We’ve been using feature voting ourselves successfully for over 7 years and we’re going to show you what’s worked for us, pitfalls to watch out for, and things to look for when choosing a feature voting tool.
Whether you’re drowning in user feedback, struggling to prioritize features, or just want to give your users a stronger voice, this guide has you covered.
- Why you should offer feature voting to your users?
- Top 4 benefits of feature voting
- Who should use feature voting (and who shouldn’t)
- Common mistakes to avoid with feature voting
- 5 tips for doing feature voting right
- Common objections to feature voting
- The only 5 feature voting tools to consider (19 analyzed)
- Feature Upvote
- Feature Voting FAQ

Why you should offer feature voting to your users?
Picture this: your users are brimming with ideas to improve your product, but their voices are getting lost in a sea of support tickets, emails, and social media noise.
Feature voting is your lifeline.
By giving your users a dedicated platform to submit, discuss, and upvote feature ideas, you’re not just collecting feedback — you’re building a community around your product.
Your users feel heard, valued, and invested in your success.
In summary, feature voting helps you:
- Streamline your feedback collection and save countless hours.
- Surface the most demanded features, so you can prioritize with confidence.
- Close the loop by notifying users when the suggestions they voted up are implemented.
- Build trust by showing users their input matters.
- Harness the power of the crowd to let users support each other.
Your users get a direct line to influence your product roadmap, and you get clear, actionable data to guide your decisions.
Top 4 benefits of feature voting
1. Streamline feedback collection
As your product grows, so does the volume of feature requests landing in your inbox, support queue, social media mentions, and casual chats.
Keeping track of all this feedback scattered across multiple channels is a massive time sink.
That’s where a feature voting board helps.
It funnels all those requests into one centralized place, making it effortless for your users to submit and upvote ideas.
Imagine all your feature requests neatly organized, tagged, and prioritized by popularity. That’s the power of a voting board.
Of course, you’ll still get feature requests through other channels. But with a voting board, you have a clear process to consolidate that feedback.
The beauty of a streamlined feedback collection process is that it scales with your growth. Whether you’re managing feedback for 100 users or 10,000, a voting board keeps things organized and under control.
2. Uncover the most popular feature requests
As a product manager, your job is to deliver maximum value to your users and your business.
Feature voting brings data to that job.
The most upvoted ideas rise to the top, giving you a clear signal of what’s truly important to your user base.
No more relying on the loudest voices or the latest customer conversation to sway your priorities.

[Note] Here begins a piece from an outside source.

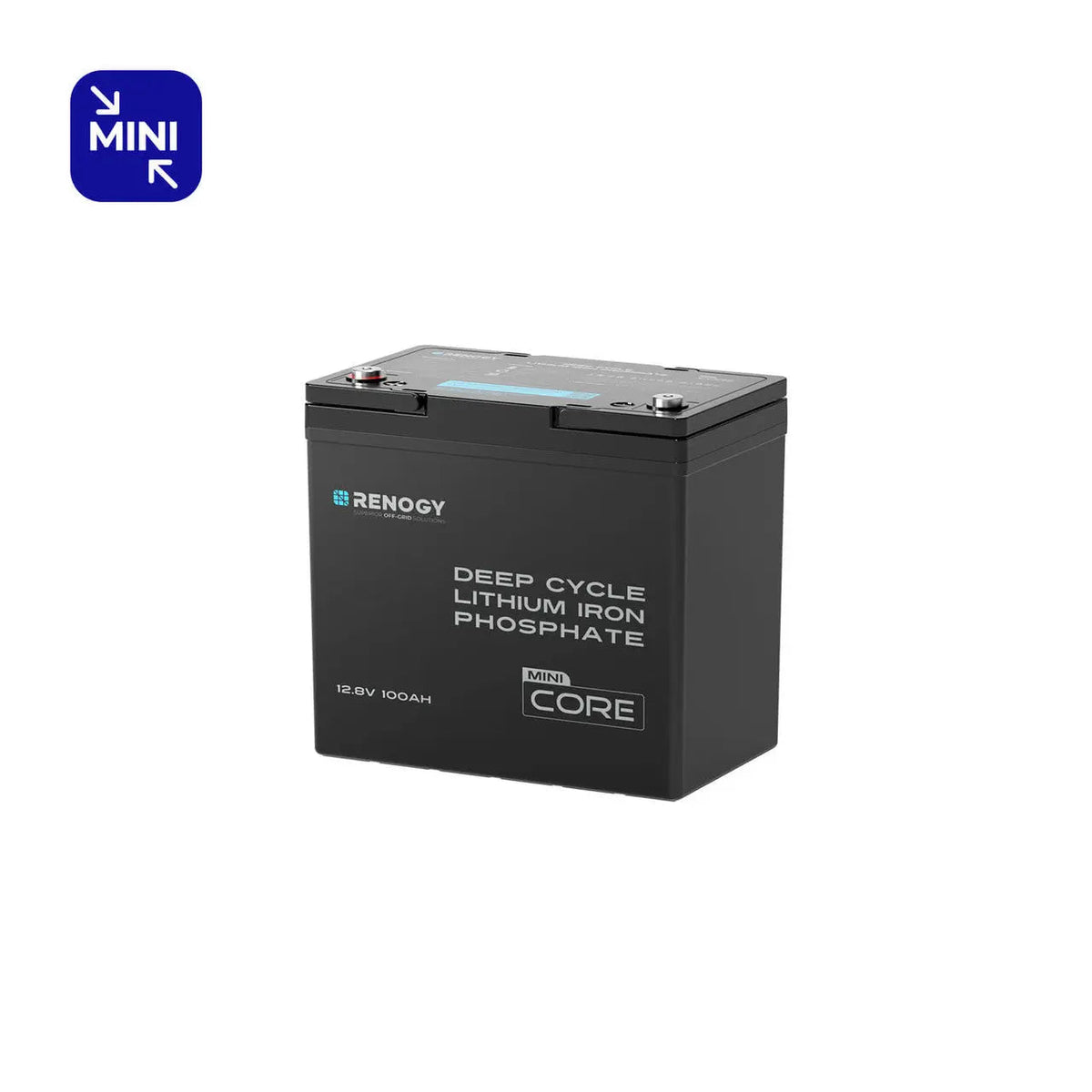 Mini Size 12.8V 100Ah Lithium Iron Phosphate Battery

But feature voting isn’t just about identifying the most popular ideas — it’s also a powerful tool for validating your own hypotheses.
Have a brilliant feature idea that you think will be a game-changer? Put it to the test on your voting board and let your users weigh in.
This data-driven approach to prioritization is especially crucial when resources are tight. You can’t afford to chase after every shiny idea or get sidetracked by vocal minorities.
Of course, popularity isn’t the only factor to consider when prioritizing. You still need to weigh each feature against your strategic goals, cost to implement, and other criteria.
But feature voting provides a vital piece of the puzzle — a quantitative measure of user demand that you ignore at your peril.
3. Manage expectations by giving your users full visibility
Transparency is the foundation of trust in any relationship. And with no visibility into the process, users are left in the dark, wondering if their voice even matters.
A public feature voting board is your megaphone to show users that you’re not only listening but acting on their input.
Imagine the delight of a user who suggests a feature, then watches it climb the ranks as other users upvote it.
But transparency isn’t just about celebrating the wins — it’s also about navigating the tough calls. Use your voting board to explain why certain ideas are infeasible or low priority.
This open dialogue builds a sense of partnership between you and your users.
Over time, this transparency becomes a self-regulating mechanism.
Users can see which features are getting traction and adjust their expectations accordingly.
If a request has been languishing on the backlog for months with few upvotes, they’ll understand that it’s not likely to happen anytime soon.
This frees you up from having to constantly manage expectations on an individual basis.
4. Empower users to respond to feedback while you sleep
Here’s a little-known secret about feature voting boards: they don’t just collect feedback — they spark conversations.
This is the power of crowdsourcing in action. Users become not just consumers of your product, but active participants in shaping its future.
When users see that their peers are actively engaged with your product and that their ideas are sparking lively discussions, they feel like they’re part of something bigger.
Too good to be true?
Here’s a real-world example.
When we made our feedback board public 7 years ago, we were surprised to see customers engaging with each other and essentially moderating the board on our behalf.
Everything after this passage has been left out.